All common stocks have voting rights

Voting rights for shareholders at the general meeting

When do shareholders of large companies have the right to vote for the general meeting? In our new series we deal with various aspects of the general meeting in public companies. Digitization offers great opportunities to optimize voting at such meetings.

The general meeting determines where to go

In large stock corporations, the board of directors and the supervisory board are not alone in charge. The real power lies with the shareholders - and therefore with the shareholders, who meet once a year at the general meeting. The board of directors determines business decisions, but it is appointed by the supervisory board, which in turn is elected by the shareholders at the general meeting.

In addition, the shareholders determine how the profits generated are to be dealt with. Only they can appoint special auditors by exercising their voting rights and resolve changes to the articles of association, mergers or capital increases. The general meeting is called by the board of directors, who must send the invitations at least 30 days before the day of the event.

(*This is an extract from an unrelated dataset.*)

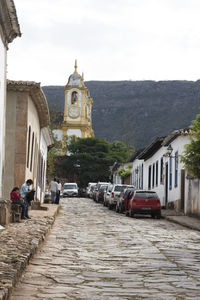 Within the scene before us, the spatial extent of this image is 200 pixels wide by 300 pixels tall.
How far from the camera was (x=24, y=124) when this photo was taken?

Different stocks, different rights

The invitations are addressed to all shareholders of the company, but the right to vote at the general meeting can only be exercised by those who own ordinary shares. If, on the other hand, you hold preference shares, you cannot vote at the general meeting, but you get a larger share of the company's profits than the holders of ordinary shares. Usually, the dividend is higher for preference shares. Sometimes, however, the shareholder is also given the right to have dividends paid back if none could be paid in a year.

The voting right does not have to be exercised independently, but can be transferred to banks or individuals for a maximum of 15 months. That goes for every shareholder. If a share is entered in the share register in your own name, you own a so-called registered share. This means that you receive the invitation to the general meeting directly from the stock corporation and can thus exercise your voting rights. However, shares are often managed by custodian banks, which also exercise voting rights. A shareholder can give his bank instructions to do so, but does not have to.

Exclusion from voting rights

Certain people are excluded from voting. For example, those who are to be exonerated from the general meeting may not vote. This applies to members of the board of directors and supervisory board who themselves hold ordinary shares. They are also not allowed to have their voting rights transferred to a third party.

In addition, a shareholder may not use his voting rights to enforce the interests of persons or companies associated with the stock corporation. Contracts with supervisory boards, the management board or companies dependent on the company are therefore prohibited.

Advantages of electronic voting

In order to exercise their voting rights, shareholders will receive voting cards at the beginning of the event. However, the Stock Corporation Act stipulates that voting rights can also be exercised by post or electronically. This enables online voting and live voting at the Annual General Meeting.

Exercising voting rights digitally has many advantages. Voting at the Annual General Meeting is simplified and the susceptibility to errors when counting the voting cards is minimized. Because postage costs and organizational effort are saved, the stock corporation also benefits financially from online voting. And finally, shareholders can exercise their voting rights anywhere: voter turnout is increased.